Is there a way to prevent the two statements from outside a loop using only Bison rules?
P.S. What I mean is "Is there an EASY way..," without fully duplicating the grammar.
Sure. You just need three different statement
non-terminals, one which matches all statements; one which matches everything but continue
(for switch
blocks), and one which matches everything but break
and continue
. Of course, this distinction needs to trickle down through your rules. You'll also need three versions of each type of compound statement: loops, conditionals, switch, braced blocks, and so on. Oh, and don't forget that statements can be labelled, so there are some more non-terminals to duplicate.
But yeah, it can certainly be done. The question is, is it worth going to all that trouble. Or, to put it another way, what do you get out of it?
To start with, the end user finds that where they used to have a pretty informative error message about continue
statements outside a loop, they now just get a generic Syntax Error. Now, you can fix that with some more grammar modifications, by actually providing productions which match the invalid statements, and then present a meaningful error message. But that's almost exactly the same code already rejected as inelegant.
Other than that, does it in any way reduce parser complexity? It lets you assume that a break statement is legally placed, but you still have to figure out where the break
statement's destination. And other than that, there's not really a lot of evident advantages, IMHO.
But if you want to do it, go for it.
Once you've done that, you could try modifying your grammar so that break
, continue
, goto
and return
cannot be followed by an unlabelled statement. That sounds like a good idea, and some languages do it. It can certainly be done in the grammar. (But before you get too enthusiastic, remember that some programmers do deliberately create dead code during debugging sessions, and they won't thank you for making it impossible.)

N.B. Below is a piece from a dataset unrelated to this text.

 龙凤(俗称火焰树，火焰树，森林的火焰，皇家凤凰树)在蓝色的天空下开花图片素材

There is a BNF extension, used in the ECMAscript standard, amongst others, which parameterizes non-terminals with a list of features, each of which can be present or not. These parameters can then be used in productions, either as conditions or to be passed through to non-terminals on the right-hand side. This could be used to generate three versions of statement
, using the features [continue]
and [break]
, which would be used as gates on those respective statement syntaxes, and also passed through to the compound statement non-terminals.

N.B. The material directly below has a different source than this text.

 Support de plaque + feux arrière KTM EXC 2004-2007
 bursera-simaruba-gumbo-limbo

I don't know of a parser generator capable of handling such parameterised rules, so I can't offer it as a concrete suggestion, but this question is one of the use cases which motivated parameterised non-terminals. (In fact, I believe it's one of the uses, but I might be remembering that wrong.)
With an ECMAScript-style formalism, this grammatical restriction could be written without duplicating rules. The duplication would still be there, under the surface, since the parser generator would have to macro expand the templated rules into their various boolean possibilities. But the grammar is a lot more readable and the size of the state machine is not so important these days.
I have no doubt that it would be a useful feature, but I also suspect that it would be overused, with the result that the quality of error messages would be reduced.
As a general rule, compilers should be optimised for correct inputs, with the additional goal of producing helpful error messages for invalid input. Complicating the grammar even a little to make easily described errors into syntax errors does not help with either of these goals. If it's possible to write a few lines of code to produce the correct error message for a detected problem, instead of emitting a generic syntax error, I would definitely do that.
There are (many) other use cases for the ECMAScript BNF extensions. For example they make it much easier to describe a syntax whose naive grammar requires two or three lookahead tokens.